Even when it becomes informational, as when restroom walls are used to share anything from local tips and event notices to personal messages or political resources. The underlying logic doesn’t change: it remains local, immediate, and unconcerned with broader interpretation. In Chicago, for instance, references to groups like the Chicago Abortion Fund have appeared alongside everything from band names and secret messages to crushes to phone numbers and the craziest drawn cartoons. They function as direct, practical, and open communication rather than identity performance.
Understood this way, the contrast exhibits how expression changes once visibility becomes a universal filter of what gets to matter.
Context doesn’t just outline meaning; it repositions what expression is for. Both online discourse and bathroom walls share a contradiction: they are public, but they simulate privacy. The difference is in how they respond to that condition. Bathroom graffiti behaves as if the possibility of being seen is incidental. Online discourse behaves as if it were primary.
That shift in orientation changes everything. A passing reaction becomes something pre-conditioned by how it will be received, quoted, or repurposed. The response stops being just a response. It becomes a firm standpoint, even when it presents itself as spontaneity. What we end up with is not simply interpretation of art, but performance around it. Performing intelligence, taste, moral clarity, or even deliberate disengagement.

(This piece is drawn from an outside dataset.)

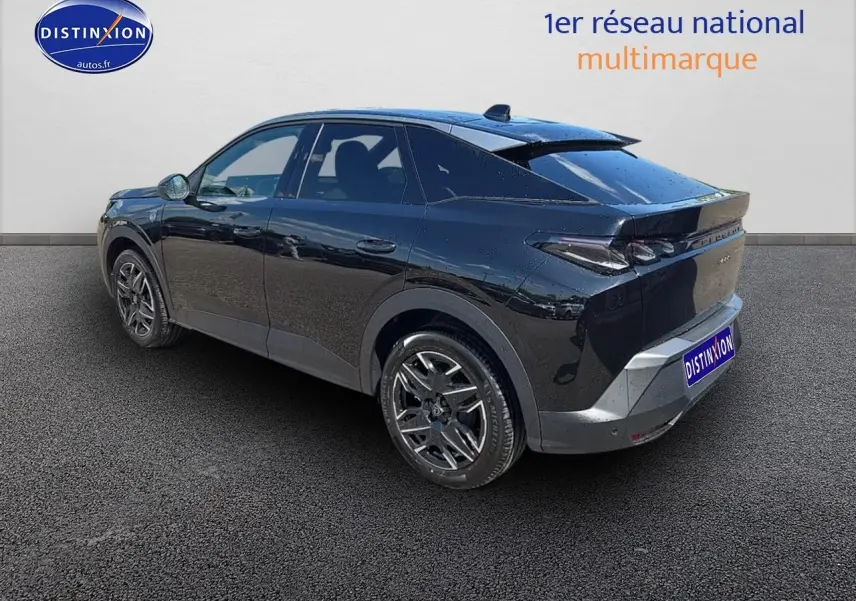Peugeot 3008 noir perla nera en 3/4 arrière droit, avec jantes alu et becquet arrière visible.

And maybe that is the tension Geese accidentally exposes. A band making music that still feels open, unstable, and internally social is received by a system that increasingly turns everything outward-facing and declarative. The question then is not why criticism exists, but why so much of it now feels like it needs an audience in order to function at all.
Perhaps, there is something still worth recovering in forms of expression that don’t immediately convert themselves into a customized character for public consumption. Not a nostalgia for “authenticity,” but a reminder that not every reaction or preference needs to subsume identity to be half-real.